Machine learning in Supply Chain turns demand and supplier signals into continuously updated buffers, sized by probability of risk. Plum Living, a fast-growing DTC interior design brand, used this approach to redefine inventory management. This case study explains how the team cut stock by 38% while protecting service in a volatile catalogue.
Machine Learning is increasingly used in Supply Chain planning, but many discussions remain theoretical. Companies hear about AI forecasting, automated replenishment, or inventory optimization, yet it can be difficult to understand what these technologies actually change in day-to-day operations.
The experience of Plum Living provides a concrete example. As the company grew, its Supply Chain became more complex: more products, more suppliers, and increasing demand variability. Planning processes that once worked in Excel were no longer sufficient to manage inventory efficiently.
This case study explores how Plum Living introduced Machine Learning into its planning process, moving from manual inventory management to data-driven forecasting and replenishment decisions. The transformation improved visibility across the supply chain and significantly reduced inventory levels while supporting the company’s growth.
Direct-to-consumer interior design brands sell highly customizable products, kitchens, wardrobes, bathrooms, where each configuration multiplies SKU complexity. Manufacturing lead times stretch over weeks while consumer expectations are now set by next-day e-commerce. The post-2020 boom in online home design also lifted demand variance: many fast-growing DTC home brands have seen inventory grow faster than revenue, locking up cash that should fund expansion. In this environment, accurate forecasts and a longer replenishment horizon are not nice-to-haves, they are what makes the growth model sustainable.
Founded in Paris in 2020, Plum Living specializes in customizable kitchens, wardrobes, and bathrooms sold through an online model focused on design and personalization. The company quickly built a strong brand presence across Europe and attracted a large online audience.
At the time of the project, the company operated with:
Like many fast-growing digital brands, Plum Living faced a common operational challenge: scaling its supply chain while maintaining efficiency and service levels.
As demand increased and the product catalog expanded, the limitations of manual planning became more visible.
Before implementing an AI-driven planning system, Plum Living relied heavily on spreadsheets to manage inventory and replenishment.
While Excel provided flexibility in the early stages of the company, it gradually became difficult to maintain accurate and reliable planning as the business expanded.
Several operational problems appeared:
Inventory was unevenly distributed across product categories, tying up working capital and increasing storage costs. With no statistical model behind buffer sizing, planners applied uniform coverage rules across very different references, which produced overstock on some lines and made cash harder to release without taking shortage risk elsewhere.
The planning team lacked reliable forecasts, making it difficult to anticipate replenishment needs. Excel-based forecasts, typically built on past sales averages and manual adjustments, struggle to capture the demand variability of a fast-growing online catalogue where volumes shift quickly between SKUs. Decisions ended up being reactive rather than anticipative.

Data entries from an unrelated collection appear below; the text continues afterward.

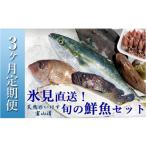 ふるさと納税 旬の鮮魚等 富山県 氷見市  定期便(3ヶ月) 天然のいけす 富山湾 氷見漁港直送 旬の鮮魚セット 〈配送地域限定〉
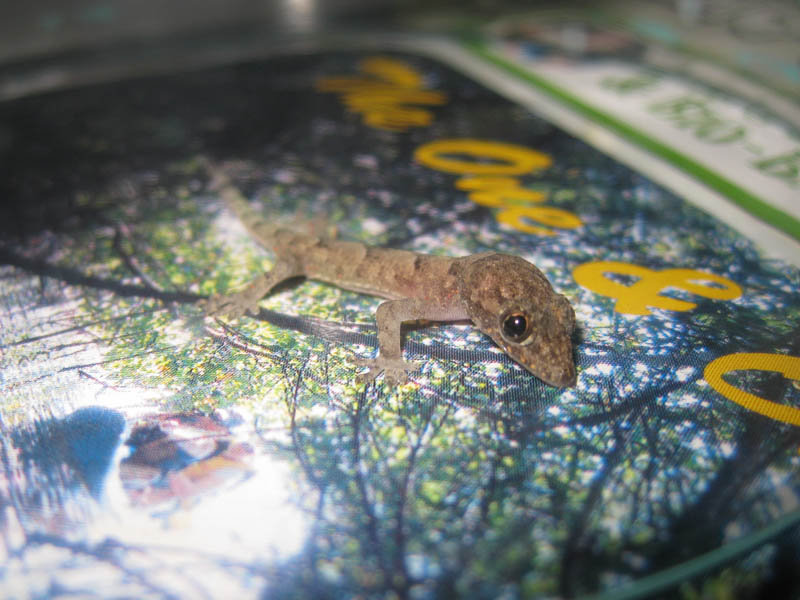 Size of the lizard is best to measure by the raster of the flyer picture underneath it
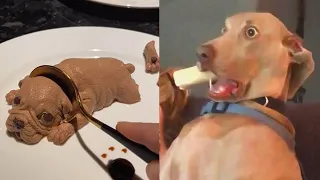 Dog Reaction to Cutting Cake - Funny Dog Cake Reaction Compilation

Inventory planning relied on manual calculations and spreadsheet updates, which made decision-making slow and error-prone. Each replenishment cycle required planners to refresh formulas and recalculate thresholds SKU by SKU, with logic that lived inside individual spreadsheets and was difficult to audit or hand over. The volume of maintenance work left little bandwidth for exception analysis.
Suppliers had little visibility into future demand, which complicated coordination and production planning. They received purchase orders as Plum Living’s needs surfaced, often at short notice, which forced them to react on raw materials, capacity, and shipments without the room to plan ahead. The relationship stayed transactional rather than collaborative.
Shortages were not always tracked or analyzed, preventing planners from identifying recurring issues. Without a structured stockout log, the team had no learning loop to feed back into safety stock policies or supplier discussions, so the same shortages tended to repeat across cycles.
These challenges are typical of organizations that grow faster than their planning processes. The supply chain becomes reactive, with planners spending most of their time correcting problems rather than anticipating them.
To address these issues, Plum Living decided to modernize its planning process using an AI and Machine Learning-driven Supply Chain planning platform – Flowlity.
The goal was not simply to improve forecasting accuracy, but to support better planning decisions across inventory management and replenishment.
The system analyzes historical demand patterns, lead times, and operational data to generate planning recommendations and improve visibility across the Supply Chain.
Once implemented, the platform provided several capabilities:
This approach allowed planners to move away from manual spreadsheet management and focus on monitoring exceptions and adjusting planning strategies.
These capabilities are part of a broader shift toward Supply Chain automation, where companies progressively replace manual planning with scalable tools designed to support growth. For a deeper look at this evolution, explore our guide on the most scalable Supply Chain automation tools to support growth and retail expansion.
The implementation was designed to deliver value quickly. The project followed several phases:
The first step involved mapping Plum Living’s operational processes and identifying the main planning challenges. The exercise covered how demand flowed through the catalogue, where inventory decisions were taken, and which data sources fed those decisions, which set the scope of what Flowlity would automate and what would stay under planner control.
Operational data from Plum Living’s systems was integrated into the planning platform, allowing the models to analyze historical patterns. Sales history, supplier lead times, and current inventory positions were pulled into Flowlity, then cleaned and aligned so the AI could be trained on consistent series.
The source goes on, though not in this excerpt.